§ Your objective: Please retype each record exactly as it stands below.

─── Dataset records ───

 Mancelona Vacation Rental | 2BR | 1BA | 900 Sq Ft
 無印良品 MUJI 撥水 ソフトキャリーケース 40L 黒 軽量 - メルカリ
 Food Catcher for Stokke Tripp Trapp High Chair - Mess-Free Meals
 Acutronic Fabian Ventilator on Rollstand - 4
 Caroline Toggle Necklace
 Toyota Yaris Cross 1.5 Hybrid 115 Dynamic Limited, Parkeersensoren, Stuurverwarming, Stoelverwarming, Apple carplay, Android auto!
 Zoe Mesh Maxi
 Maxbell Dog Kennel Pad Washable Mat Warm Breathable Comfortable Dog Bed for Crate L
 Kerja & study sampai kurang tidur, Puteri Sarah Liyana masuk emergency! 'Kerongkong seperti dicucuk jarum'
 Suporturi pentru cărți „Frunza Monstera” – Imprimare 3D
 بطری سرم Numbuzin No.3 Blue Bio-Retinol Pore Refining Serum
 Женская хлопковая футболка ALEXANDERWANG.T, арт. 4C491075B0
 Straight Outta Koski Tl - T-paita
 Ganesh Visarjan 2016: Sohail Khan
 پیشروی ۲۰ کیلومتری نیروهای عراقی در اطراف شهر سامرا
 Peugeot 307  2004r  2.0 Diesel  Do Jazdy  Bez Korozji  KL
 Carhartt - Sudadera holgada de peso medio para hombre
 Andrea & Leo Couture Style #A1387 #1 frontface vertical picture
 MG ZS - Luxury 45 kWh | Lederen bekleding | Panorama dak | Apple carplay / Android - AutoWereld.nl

───

§ Answer for the task:
 Mancelona Vacation Rental | 2BR | 1BA | 900 Sq Ft
 無印良品 MUJI 撥水 ソフトキャリーケース 40L 黒 軽量 - メルカリ
 Food Catcher for Stokke Tripp Trapp High Chair - Mess-Free Meals
 Acutronic Fabian Ventilator on Rollstand - 4
 Caroline Toggle Necklace
 Toyota Yaris Cross 1.5 Hybrid 115 Dynamic Limited, Parkeersensoren, Stuurverwarming, Stoelverwarming, Apple carplay, Android auto!
 Zoe Mesh Maxi
 Maxbell Dog Kennel Pad Washable Mat Warm Breathable Comfortable Dog Bed for Crate L
 Kerja & study sampai kurang tidur, Puteri Sarah Liyana masuk emergency! 'Kerongkong seperti dicucuk jarum'
 Suporturi pentru cărți „Frunza Monstera” – Imprimare 3D
 بطری سرم Numbuzin No.3 Blue Bio-Retinol Pore Refining Serum
 Женская хлопковая футболка ALEXANDERWANG.T, арт. 4C491075B0
 Straight Outta Koski Tl - T-paita
 Ganesh Visarjan 2016: Sohail Khan
 پیشروی ۲۰ کیلومتری نیروهای عراقی در اطراف شهر سامرا
 Peugeot 307  2004r  2.0 Diesel  Do Jazdy  Bez Korozji  KL
 Carhartt - Sudadera holgada de peso medio para hombre
 Andrea & Leo Couture Style #A1387 #1 frontface vertical picture
 MG ZS - Luxury 45 kWh | Lederen bekleding | Panorama dak | Apple carplay / Android - AutoWereld.nl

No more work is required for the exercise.